Task input
BEGIN

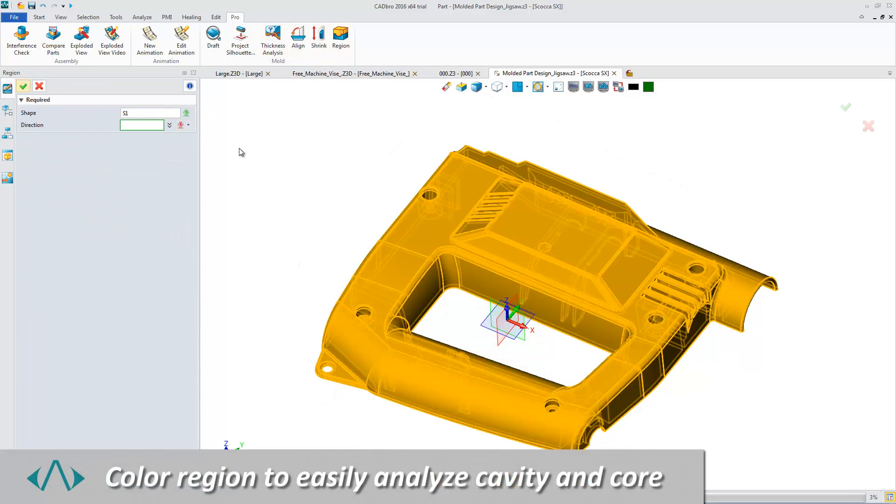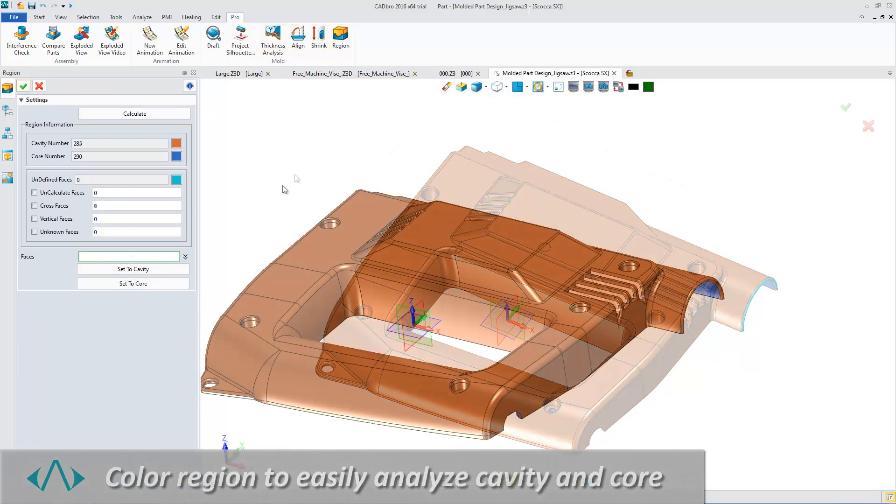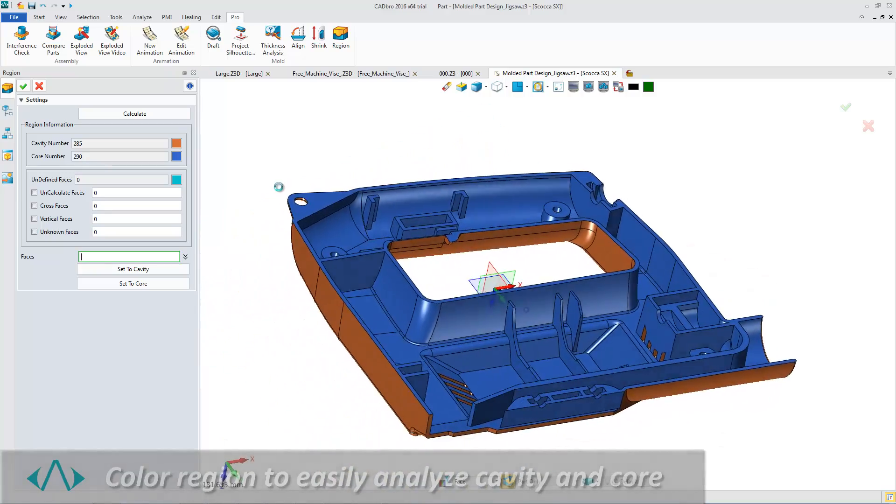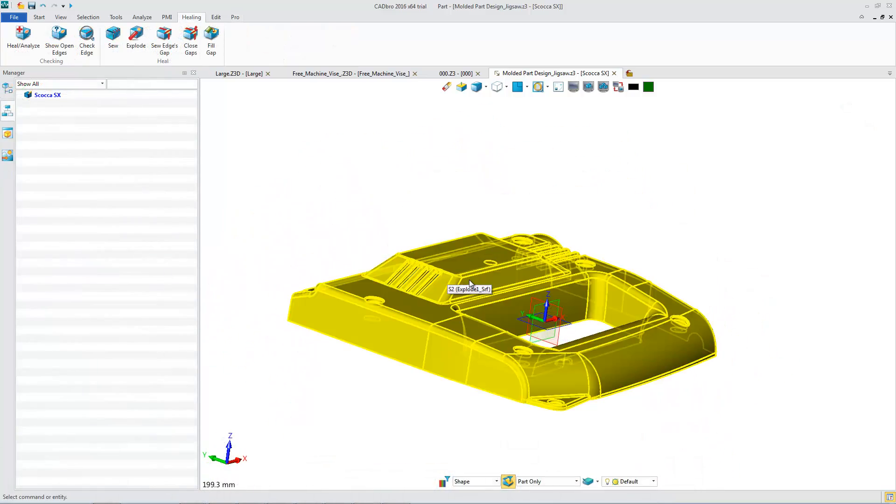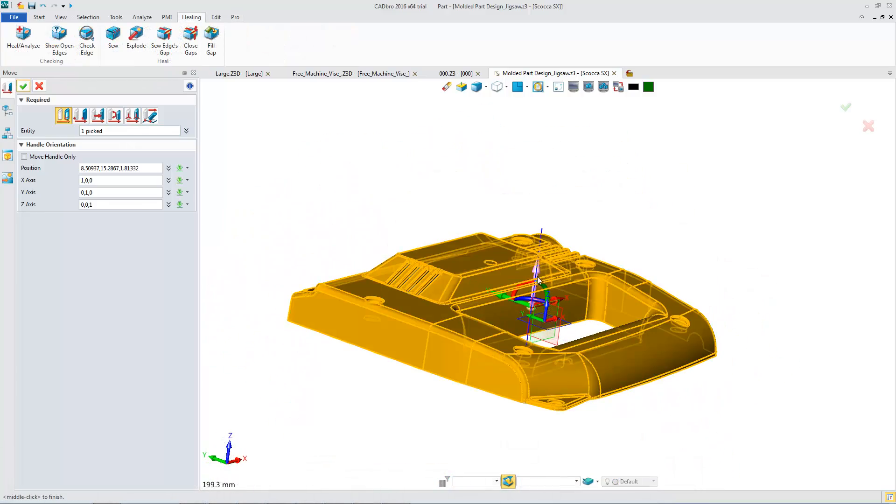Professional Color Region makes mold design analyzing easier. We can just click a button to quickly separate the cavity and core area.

END
BEGIN

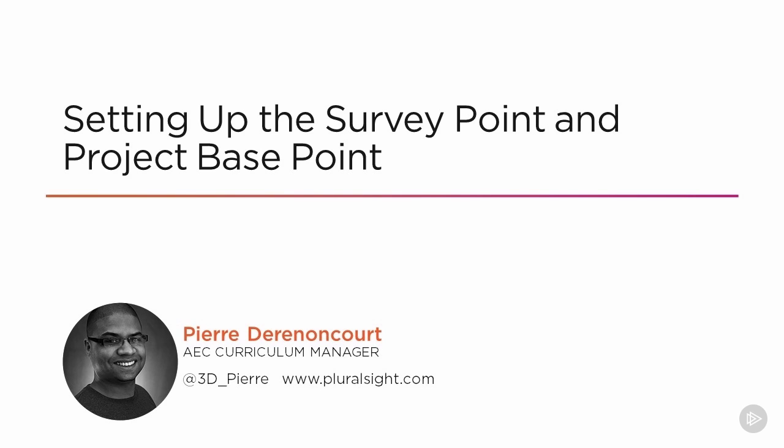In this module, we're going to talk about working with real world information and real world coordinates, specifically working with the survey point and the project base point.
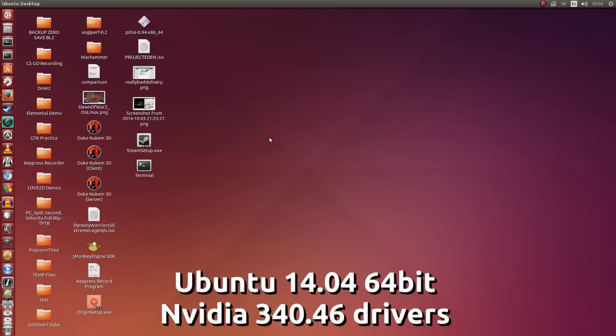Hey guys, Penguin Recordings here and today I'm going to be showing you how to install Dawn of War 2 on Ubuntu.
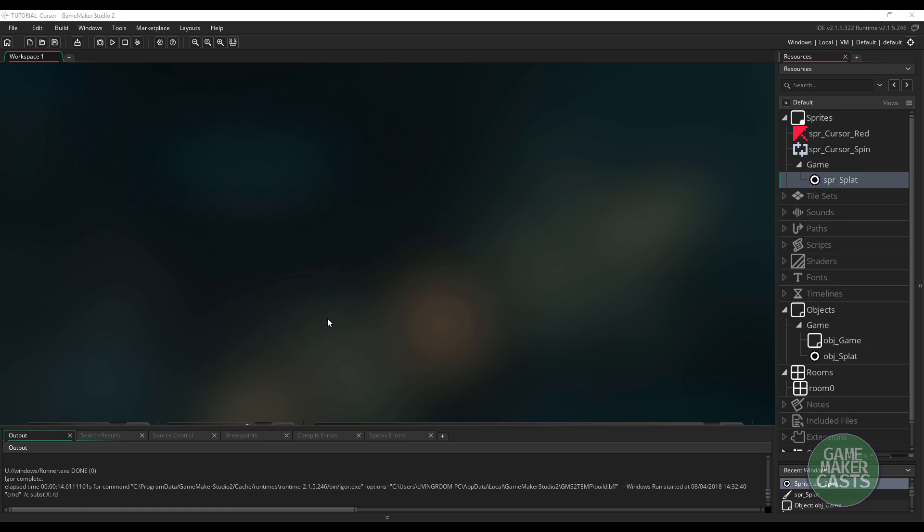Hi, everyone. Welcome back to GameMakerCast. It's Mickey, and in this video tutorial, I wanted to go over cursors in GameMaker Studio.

END

Exercise instructions
An exact copy is needed. It runs from the line above containing "Hey guys, Penguin" down to the line containing "Hi, everyone. Welcome", both included, with no pictures.

Solution to this exercise
Hey guys, Penguin Recordings here and today I'm going to be showing you how to install Dawn of War 2 on Ubuntu.
Hi, everyone. Welcome back to GameMakerCast. It's Mickey, and in this video tutorial, I wanted to go over cursors in GameMaker Studio.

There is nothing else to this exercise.